Trábase igual entre los dos el duelo,
y danse golpes con suceso vario.
No se llevaba el uno al otro un pelo
de ventaja; y durora el sanguinario
trance sin duda alguna todo el día,
si no se entrometiera Santaría;
Santaría de Suecia, que ha querido,
por sus pecados o su mala estrella,
lidiar con Antifor; y le ha cabido
tan desmedida zurra, que atropella
atolondrado y casi sin sentido
por cuanto encuentra al paso, y va y se estrella
con Radamanto y con Grifón, haciendo
tanto alboroto y confusión y estruendo,
que el corcel del gigante se dispara
y por las filas rompe como flecha.
Crece la turbación y la algazara;
todos corren a izquierda y a derecha;
corren, y nadie vuelve atrás la cara,
y cada cual a su vecino estrecha;
éste empuja, aquél vuelca, esetro casca;
parece el campo súbita borrasca,
cuando a lo lejos por la mar serena
levanta el viento crespa espuma, y cunde
de un lado y otro el temporal, y suena
más y más, según raudo se difunde,
hasta que el horizonte en torno llena,
y vasta playa estrepitoso tunde;
corriendo el campo va del mismo modo
la horrenda gresca, y lo alborota todo.
Miraba el ruso Argante en otra parte
la reñida refriega, y a su vista
hubo de presentarse Brandimarte,
a quien nada parece que resista.
Un rato aquel bribón se estuvo aparte,
atisbando el momento en que le embista;
y cuando la ocasión vio favorable,
cierra con él, llevando en alto el sable.
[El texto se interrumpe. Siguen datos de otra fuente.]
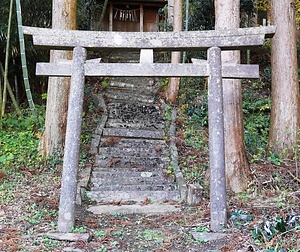 阿部家住宅（遠入）石鳥居
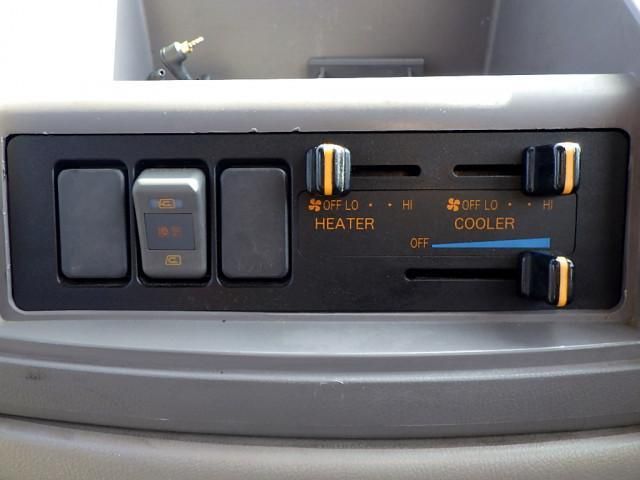 HINO LIESSE 2009 Image 31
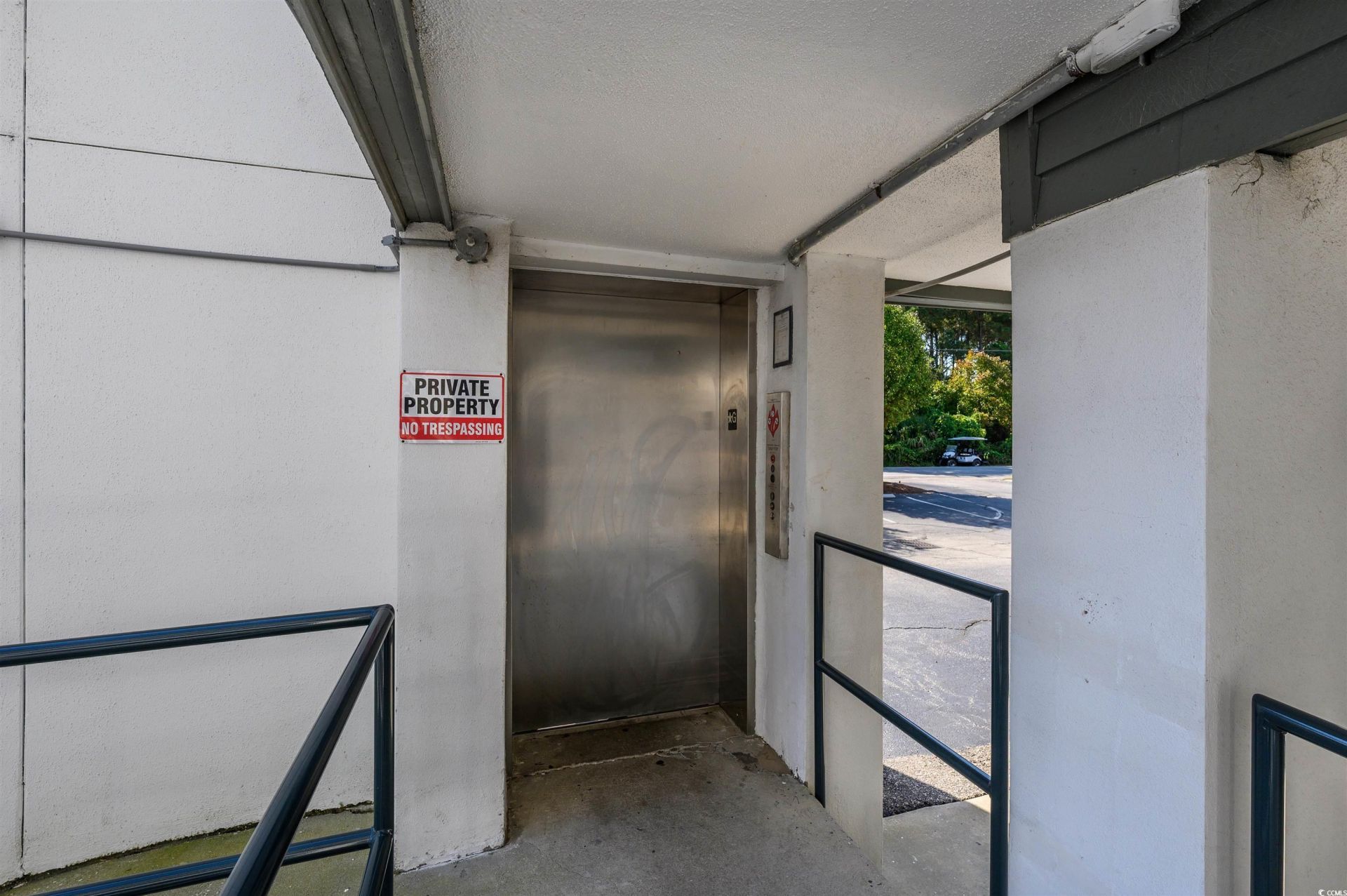 305 Hillside Dr. N Photo 9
Brandimarte, si bien la desventaja
tuvo al principio, se repuso luego;
sube el acero prestamente y baja,
y sigue entre los dos igual el juego.
Y de los nueve cada cual trabaja
no menos; y al herir no dan sosiego
Adriano, el conde Claros, ni Aquilante,
ni el Rey Balán, que haciendo va de infante;
ni Antifor, ni Grifón, ni el conde Uberto,
ni Roldán, sobre todos animoso;
los cuales juntamente y de concierto,
acuchillando a roso y a velloso,
dejan rastro larguísimo cubierto
de un cúmulo de muertos espantoso;
pero por más que ayudan a Balano,
fue menester dejarle en el pantano.
Tremendo fue el destrozo, extravagante;
y sin embargo, vese siempre el mismo
descomunal ejército delante,
que no cabe en el campo, ni en guarismo;
en medio de la trápala incesante,
parece que regüelda el hondo abismo,
y que de tanta multitud se ahita,
y nuevamente al mundo la vomita.
Un poco menos fácil el camino
a la pequeña hueste se ofrecía,
pues se lo cierran Agricán, Brontino,
Lurcón y Poliferno y Santaría.
Éste, llevando a Uldano de padrino,
a Antifor nuevamente desafía;
y sostiene a los dos aquel bergante
de Radamanto, y a los tres Argante.
Peleaba Antifor heroicamente
Con todos cuatro; pero a tanto exceso
no pudo contrastar, por más valiente
que fuese; en suma, le llevaron preso.
Y vueltos al lugar do el remanente
de la cuadrilla aguanta el grave peso
de la enemiga hueste, con más brava
furia la sanguinosa lid se traba.
Hace la escolta de la bella dama
prodigios de valor en su defensa;
pero Agricán, que cada vez se inflama
en pasión más ardiente y más intensa,
«A ellos» furibundo, «a ellos» clama,
y arremete de modo que no piensa
nadie sino en salvar la propia vida,
de cien opuestas puntas combatida.
La Dama, al verse en tan estrecho paso,
apelar al anillo determina;
mas metiolo en el seno por acaso
al salir del jardín de Dragontina;
y buscándolo ahora (¡fuerte caso!),
no pudo hallarlo; y casi desatina
creyéndolo perdido, y que en perdello
a su mala ventura ha puesto el sello.
Del cabello se tira, y se maltrata,
y al Conde voces da que la: liberte.
El Conde se enfurece, se arrebata,
y llamaradas por los ojos vierte;
tíñesele la cara de escarlata,
y aprieta las rodillas de tal suerte
que no tuvo vergüenza Brilladoro
de echarse a tierra, y brama como un toro.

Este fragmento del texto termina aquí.